Enjoy! I most certainly did!

Vegan Orange Strawberry Cinnamon Rolls

Serves 12 cinnamon rolls
Prep time 3 hours
Cook time 20 minutes
Total time 3 hours, 20 minutes
Dietary Vegan
Meal type Breakfast, Dessert

Ingredients

Strawberry Sauce

  • 3 cups strawberries (hulled and chopped)
  • 3 tablespoons sugar
  • 1/4 cup orange juice
  • zest of one orange

Dough

  • 3/4 cups orange juice
  • 1/2 cup sugar
  • 1/2 teaspoon salt
  • 1/2 cup coconut oil
  • 1 teaspoon vanilla extract
  • 1/2 cup warm water (110 degrees roughly)
  • 1 packet active dry yeast (or 1 1/2 teaspoon)
  • 1 tablespoon sugar
  • 5 cups all-purpose flour (plus extra for rolling)

Filling

Icing

  • 1 1/2 cup powdered sugar
  • 4-6 tablespoons orange juice
  • 1 tablespoon orange zest

Directions

Strawberry Sauce
1. Combine strawberries, sugar, orange zest, and orange juice in a sauce pan and bring to a boil. Bring the heat down to low and simmer for 20 minutes, allowing to thicken. Set aside to cool.
Dough
2. Combine the orange juice, sugar, salt, and coconut oil in a medium sauce pan and heat over low hear until the coconut oil is just melted. Remove from heat and add the vanilla extract. Set pan aside to cool to 110 degrees.
3. In a glass bowl or measuring cup, combine 1/2 cup warm (110 degree) water, active dry yeast, and the 1 Tbsp. sugar. Mix until all is dissolved and set aside for ten minutes to bubble up.
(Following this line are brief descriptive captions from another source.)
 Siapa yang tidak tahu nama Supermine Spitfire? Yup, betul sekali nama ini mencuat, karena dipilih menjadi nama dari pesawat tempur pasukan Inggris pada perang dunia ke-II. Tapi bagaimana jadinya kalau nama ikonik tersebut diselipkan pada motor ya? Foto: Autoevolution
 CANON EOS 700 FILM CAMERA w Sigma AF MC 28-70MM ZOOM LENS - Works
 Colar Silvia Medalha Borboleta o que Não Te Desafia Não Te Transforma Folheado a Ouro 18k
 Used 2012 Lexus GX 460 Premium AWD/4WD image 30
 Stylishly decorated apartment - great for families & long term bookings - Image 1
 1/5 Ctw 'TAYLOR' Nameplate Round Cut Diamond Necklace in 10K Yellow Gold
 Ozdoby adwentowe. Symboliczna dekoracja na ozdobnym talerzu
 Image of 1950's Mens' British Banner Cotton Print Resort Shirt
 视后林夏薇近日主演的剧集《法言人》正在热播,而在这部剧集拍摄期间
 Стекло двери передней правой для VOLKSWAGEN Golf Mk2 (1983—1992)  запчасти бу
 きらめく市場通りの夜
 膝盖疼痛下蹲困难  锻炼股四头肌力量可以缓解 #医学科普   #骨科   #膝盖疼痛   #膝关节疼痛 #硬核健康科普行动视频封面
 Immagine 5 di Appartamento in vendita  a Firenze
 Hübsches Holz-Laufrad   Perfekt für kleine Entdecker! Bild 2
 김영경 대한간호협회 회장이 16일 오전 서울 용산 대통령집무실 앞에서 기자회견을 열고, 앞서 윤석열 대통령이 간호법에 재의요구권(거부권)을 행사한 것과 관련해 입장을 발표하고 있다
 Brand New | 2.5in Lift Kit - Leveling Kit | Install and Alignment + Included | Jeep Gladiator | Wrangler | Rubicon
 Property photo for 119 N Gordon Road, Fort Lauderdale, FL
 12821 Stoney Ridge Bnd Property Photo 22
It will double in size.
4. In large mixing bowl (or your handy electric stand mixer if you have one, I used the bread hook for this one) combine the orange juice/coconut oil mixture and yeast mixture. Slowly mix in 5 cups flour.
5. knead the dough on a well floured surface (or in your handy electric mixer with a dough hook on setting 2 if it's a Kitchenaid) for 2 minutes, using extra flour to prevent it from sticking.
6. Transfer the dough to a well oiled bowl and roll the dough around, coating it with the oil. Cover the bowl with a kitchen towel and set in a warm space in your home. Let sit to rise until it has doubled it's size, roughly 1 1/2 hours.
7. Punch in the middle of the dough to make it deflate and then take it out and set it on a well floured surface. Cover with the kitchen towel and let rest for ten minutes. Grease a 9x13 inch pan.
8. Roll the dough out into a wide rectangle shape roughly 20 inches by 13 inches.
Filling
9. Combine the brown sugar, cinnamon, and ginger. Using a brush, spread the coconut oil over the entire surface of the dough. Sprinkle the brown sugar/cinnamon mixture evenly over the dough. Drop spoonfuls of the strawberry sauce evenly over the dough.
Cinnamon Rolls
10. Roll up the dough, with the long end facing you, and wipe away any of the excess sauce that squishes out (because it will). Cut the dough into 12 cinnamon rolls and place cut side up in 4 rows of three.
11. Cover and let rise for 1 hour in a warm space in your house. Preheat oven to 375 degrees.
12. Bake the cinnamon rolls uncovered, for 20 minutes and let sit to cool for 10 minutes.
Icing
13. Whisk together orange juice, orange zest, and powdered sugar. Ice Cinnamon rolls after they have cooled for 10 minutes and serve!